Being an older sibling when you're a toddler is truly one of the most powerful, adventurous and most challenging pursuits any four year can be expected to take on. As any parent can attest, when there's more than just one child in the Brady Bunch, things can get pretty hectic, largely because it's basically a never-ending playdate.
Perhaps that would explain why new research from the University of Michigan and published in the April edition of the Pediatrics clinical research journal shows children who have a younger sibling by the time they are in the first grade are more likely to not be obese than children who don't.
"Children who did not experience the birth of a sibling by the time they were in first grade had 2.94 greater odds of obesity at first grade compared with children who experienced the birth of a sibling when they were between 36 to 54 months old," the study's authors noted. "A birth of a sibling when the child is 24 to 54 months old is associated with a healthier BMIz trajectory."

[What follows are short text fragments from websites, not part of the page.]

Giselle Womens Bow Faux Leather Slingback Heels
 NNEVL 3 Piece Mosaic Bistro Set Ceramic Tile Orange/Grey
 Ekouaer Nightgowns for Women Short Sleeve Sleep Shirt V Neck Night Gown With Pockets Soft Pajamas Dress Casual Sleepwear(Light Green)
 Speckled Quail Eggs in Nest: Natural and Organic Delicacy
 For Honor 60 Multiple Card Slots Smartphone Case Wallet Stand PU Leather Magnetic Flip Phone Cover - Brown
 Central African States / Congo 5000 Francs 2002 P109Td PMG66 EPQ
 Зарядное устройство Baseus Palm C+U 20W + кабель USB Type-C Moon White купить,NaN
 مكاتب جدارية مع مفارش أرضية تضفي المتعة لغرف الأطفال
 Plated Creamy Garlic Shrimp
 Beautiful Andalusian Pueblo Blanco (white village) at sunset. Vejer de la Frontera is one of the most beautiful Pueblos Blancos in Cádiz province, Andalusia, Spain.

Why? Study authors Rana H. Mosli, Niko Kaciroti, Robert F. Corwyn, Robert H. Bradley and Julie C. Lumeng offer some theories as to why older siblings tend to have lower BMIs than their single-child counterparts, according to Cosmopolitan. For one, it could mean children with siblings tend to spend more time playing and running around. Parents might also place a much more stringent pressure on an only child while they eat, when compared to having multiple children at the dinner table.
As exciting as this might be for older siblings, take it with a grain of salt: other studies show the elder children are the ones more likely to be heavier as adults, at least for women. So there's that to look forward to.